Regia di Rupert Wainwright. Con Gabriel Byrne, Patricia Arquette, Jonathan Pryce, Nia Long.

Pellicola di chiara impostazione teologica, "Stigmata" non precipita nel meschino girone dei film che non dicono nulla o che peggio scadono nel demenziale (vedere "End of days"). Una ragazza, Frankie Paige, non credente, riceve le stimmate. Il suo caso arriva naturalmente fino in Vaticano dove il cardinale Houseman (Jonathan Pryce) offre l'incarico di indagare ad un prete ex-scienziato, padre Kiernan (Gabriel Byrne). Ciò che viene a galla è così rilevante che potrebbe cambiare la dottrina ecclesiastica e pertanto la Chiesa decide di insabbiare il tutto.

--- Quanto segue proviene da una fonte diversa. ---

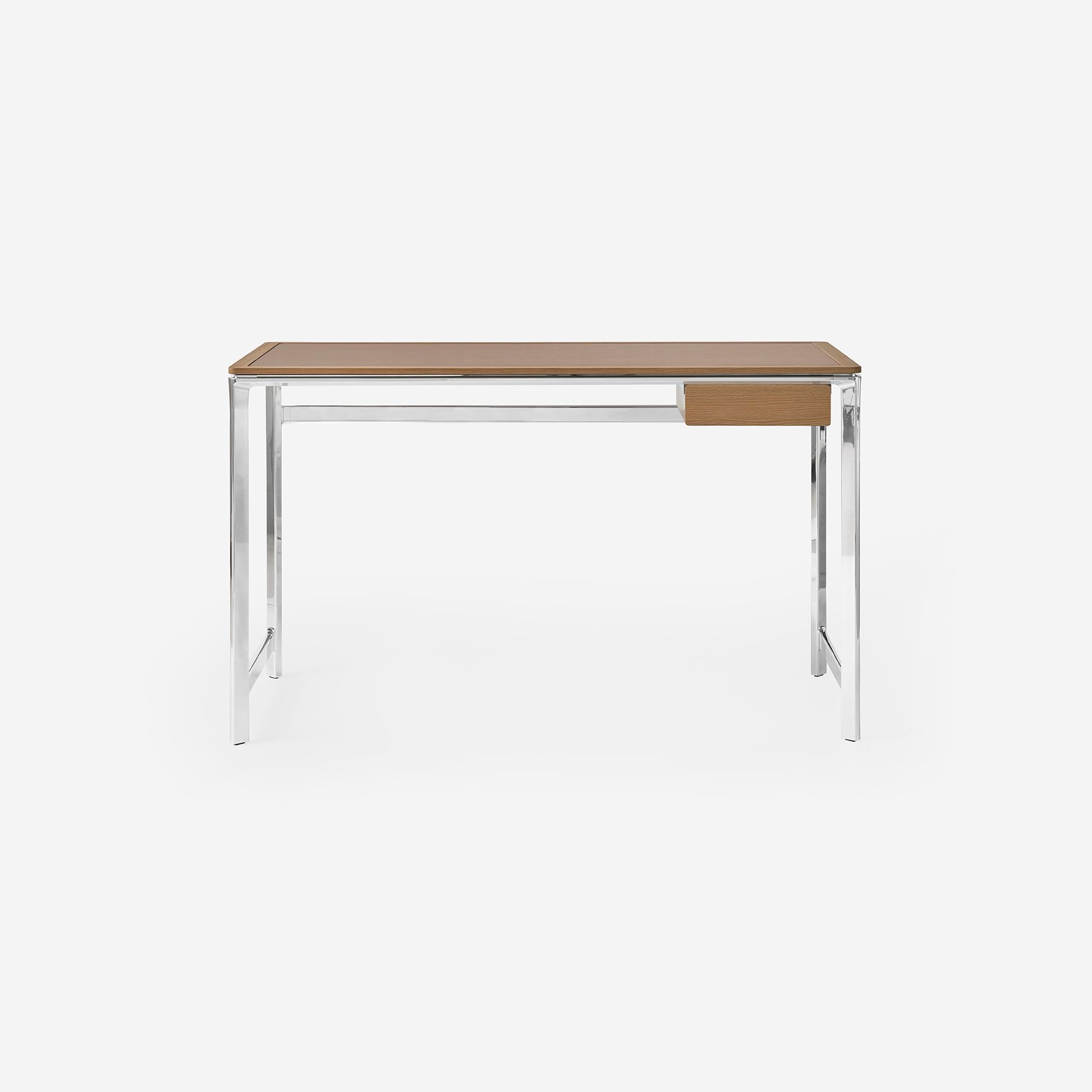 Vipp Studio Desk Drawer - vipp89D - Oak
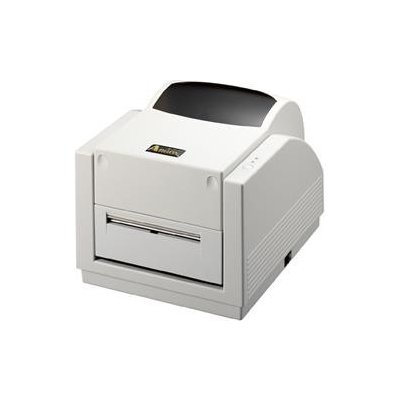 Argox A-2240E – Zboží Živě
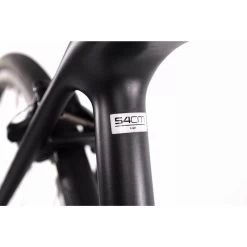 Reconditionné - Vélo De Route - Trek Emonda SL5- 2018 - TRES BON -Magasin De Vélos reconditionne velo de route trek emonda sl5 2018 tres bon 6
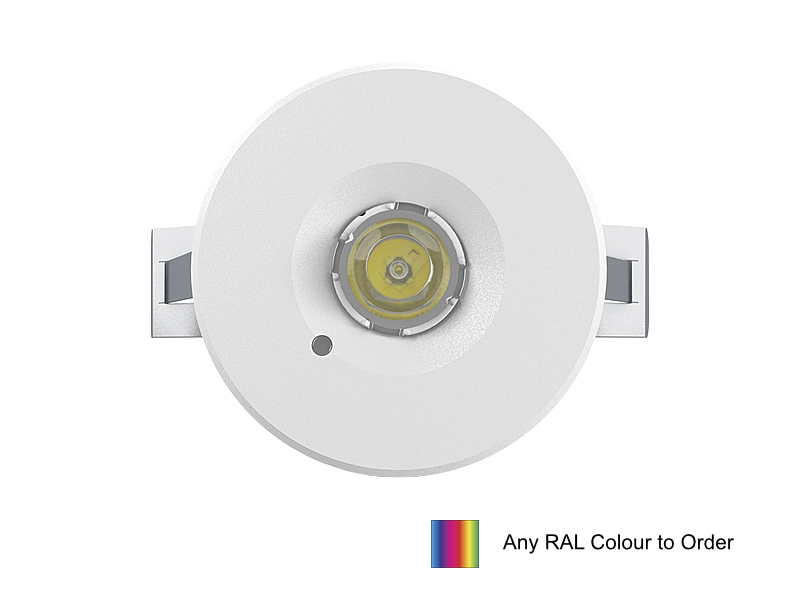 [colour option]
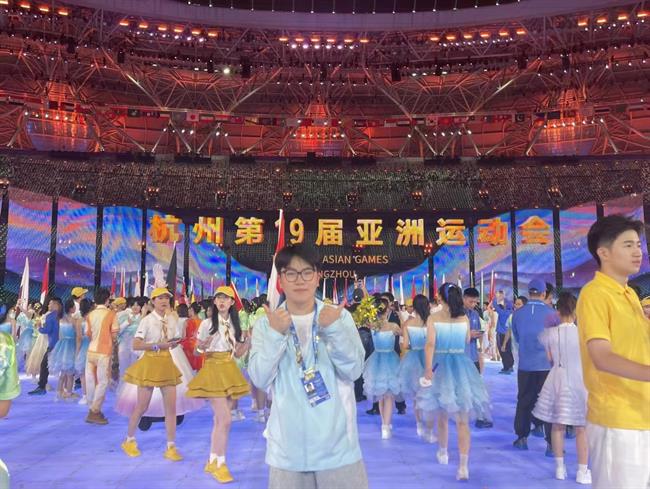 刘苏宁.jpg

Accanto alla sventurata rimane il solo padre Kiernan che approfondirà le sue straordinarie scoperte...
Certo, con la tematica scelta era alto il rischio di non convincere il pubblico ma Wainwright e soci sono riusciti in ciò che si prefiggevano, ovvero aprire un dibattito; infatti, lo spettatore viene obbligato a pensare ad un diverso modo di vedere la Chiesa. Su questo punto non è necessario insistere in questa sede perchè è il fulcro attorno al quale ruota il senso della pellicola e pertanto spetta al pubblico prendere posizione. Magari qualche sforzo in più poteva essere fatto a livello emozionale: il film infatti, pur godendo di una regia particolarissima (visioni ossessive, primi piani, montaggio frenetico) fatica ad avvicinare lo spettatore al dramma di Frankie che rimane confinato nelle immagini. Nonostante le tematiche forti, che ne hanno messo in dubbio la visione durante tutto il Giubileo, "Stigmata" non coinvolge dunque fino in fondo, non rende partecipi: certo si lascia vedere volentieri per l' intensità ed il misticismo delle sue scene rese potenti con l' uso di una colonna sonora basata sulla musica rock e con una particolare fotografia firmata Jeffrey L.Kimball: essa consiste nel mostrare Roma ed il Vaticano con colori caldi mentre l' uso dei colori freddi è riservato alle scene ambientate in America; per le visioni è riservata una tecnica del tutto particolare: si accentuano i colori bianco e nero scolorendo gli altri tranne il rosso del sangue che diventa così protagonista. Altro elemento favorevole è la solida sceneggiatura, scritta da un saggista esperto di stimmate, Tom Lazarus, che non esita a scomodare addirittura San Francesco e Padre Pio.
In definitiva si tratta di un film che non esalta particolarmente ma che non delude e che ha il pregio di lasciare allo spettatore una nuova e diversa concezione di Chiesa cristiana sulla quale egli sarà libero di essere concorde o meno.